夢乃の会計ノートAccounting note
普段の生活上では、あまり馴染みのない「割賦販売」についてまとめる。割賦販売とは、消費者目線でいうと分割払いのこと。
消費者と企業間で直接行う取引であって現在ではカード会社等を挟んで取引を行っているため、実務でもあまり触れることはないようだが、特殊販売取引の基本部分になるので、しっかり理解したい。
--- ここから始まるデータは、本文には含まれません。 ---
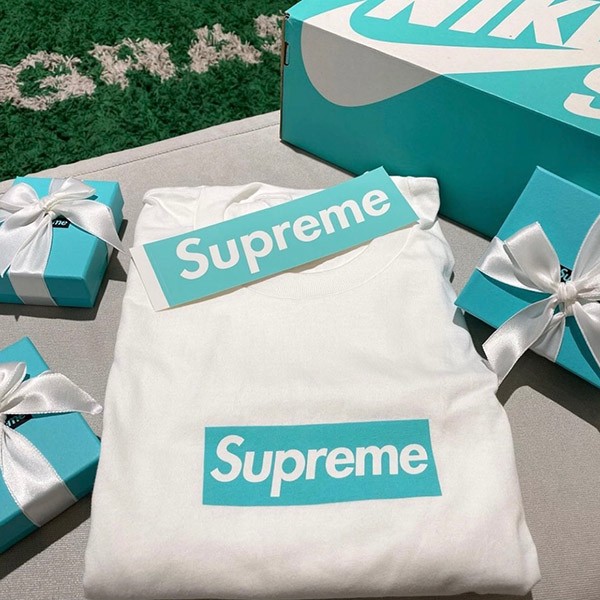 【シュプリーム x ティファニー】Box Logo Tee ボックスロゴ  Tシャツ 偽物 22030701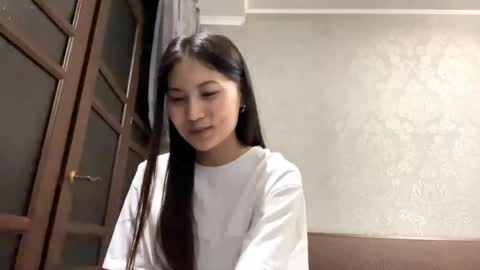 Mia online show from April 2026 06:42:01 PM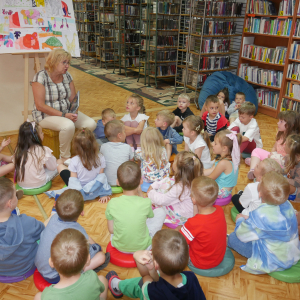 Wakacyjne spotkanie z przedszkolakami w bibliotece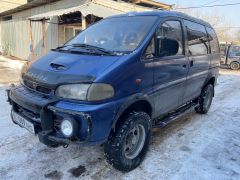 Сүрөт унаа Mitsubishi Delica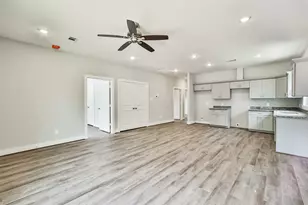 440 Ave B, La Marque, TX 77568 - Photo 3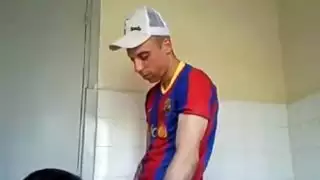 إباحية عربية منزلية: زوجان هاويان يمارسان الجنس بقوة في الحمام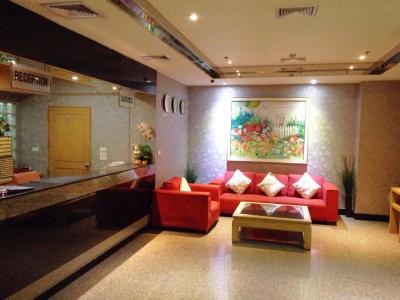 Lee Place - 1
まず、割賦販売には、収益認識基準が、「販売基準」「回収基準」「回収期限到来基準」の3種類がある。
意味は、名前のとおり
「販売基準」:商品を販売した時を収益の実現と判断
「回収基準」:代金を回収した時を収益の実現と判断
「回収期限到来基準」:代金の回収期限が到来した時を収益の実現と判断
今回のテーマはあくまでも、『割賦販売の会計処理方法』なので、「販売基準」と「回収基準」を使って会計処理方法をまとめていく。
販売基準では、一般的な商品売買と同様の仕訳をする。
例1)100万円の商品を20万円で分割5回払いで売り上げた場合
(当期割賦販売利益率20%)
仕訳:(割賦売掛金)100万 (割賦売上)100万
販売基準の場合、販売した時点で収益の実現になるため、貸方”割賦売上"借方"割賦売掛金"となる。
例2)上記の商品代金40万円を現金で回収した場合
仕訳:(現金)40万 (割賦売掛金)40万
こちらも一般的な商品売買の仕訳同様、例1の"割賦売掛金"(B/S:資産)が無くなる(=割賦売掛金の回収)という意味で、貸方に"割賦売掛金"となる。ただ、すべて販売基準にしてしまうと、正確な企業の財政状態や期中の経営成績を判断できないという問題点がある。
なぜか
割賦販売(=分割払い)ということは、通常よりも代金をすべて回収するまでの時間が長期間になる。
=その分貸倒れのリスクも高くなる。
貸倒引当金の配慮や収益の認識をより丁寧に、的確にする必要がある。
そこで回収基準・回収期限到来基準の考え方が必要となってくるのだ。
~回収基準・ 回収期限到来基準~
回収基準と回収期限到来基準の会計処理方法は、以下の2種類。
1.「未実現利益整理法」
2.「対照勘定法」
回収基準と回収期限到来基準では、収益の認識のタイミングが異なるのでもちろん仕訳も変わってくる。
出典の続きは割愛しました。